UK growers of flowers and ornamental plants have warned that millions of blooms will go unharvested this year after the multibillion-pound sector was not included in a scheme to admit overseas farm workers after Brexit, reports Tech Register.
Alex Newey, owner of Varfell Farms in Cornwall, the UK’s largest daffodil grower, told the online publication he was deciding which parts of this year’s crop to leave to rot after a recruitment shortfall. He said he currently has 400 pickers at work on the daffodil harvest, compared with his normal 750.
The vast majority of picking has for several decades been carried out by overseas workers, mostly from eastern Europe. EU citizens with settled or pre-settled status — giving them a right to stay in the UK — can work on British farms, but Newey told Tech Register there were not enough such migrants, while only food growers can use the government’s seasonal workers pilot scheme to bring in further overseas labour.

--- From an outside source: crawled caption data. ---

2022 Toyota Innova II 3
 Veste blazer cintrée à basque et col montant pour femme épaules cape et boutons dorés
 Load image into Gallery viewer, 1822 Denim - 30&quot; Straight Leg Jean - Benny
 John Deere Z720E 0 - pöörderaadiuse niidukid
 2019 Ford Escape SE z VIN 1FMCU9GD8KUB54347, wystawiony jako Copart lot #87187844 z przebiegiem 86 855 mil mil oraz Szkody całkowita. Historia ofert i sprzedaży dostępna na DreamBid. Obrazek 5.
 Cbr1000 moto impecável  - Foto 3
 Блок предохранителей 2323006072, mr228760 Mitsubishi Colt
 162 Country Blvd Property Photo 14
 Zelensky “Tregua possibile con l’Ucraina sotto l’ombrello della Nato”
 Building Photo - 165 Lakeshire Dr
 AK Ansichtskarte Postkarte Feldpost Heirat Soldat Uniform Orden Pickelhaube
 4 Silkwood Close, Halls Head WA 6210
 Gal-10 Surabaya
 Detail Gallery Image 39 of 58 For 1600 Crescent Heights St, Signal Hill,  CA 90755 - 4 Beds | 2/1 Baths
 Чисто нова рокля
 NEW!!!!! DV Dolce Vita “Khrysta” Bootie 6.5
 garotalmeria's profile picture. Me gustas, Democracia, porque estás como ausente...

“The scheme has to be adapted to include ornamental horticulture or big swaths of ornamental farming will go to waste,” Newey told the publication.
Millions of bunches of flowers will be left unpicked at Varfell, he added, though it is too early to say exactly how many. The farm normally harvests 500m stems from its 3,500 acres each year.
UK households spent £1.9bn on cut flowers in 2017 and £7.5bn on garden goods, according to Oxford Economics, a consultancy, while further plants were exported.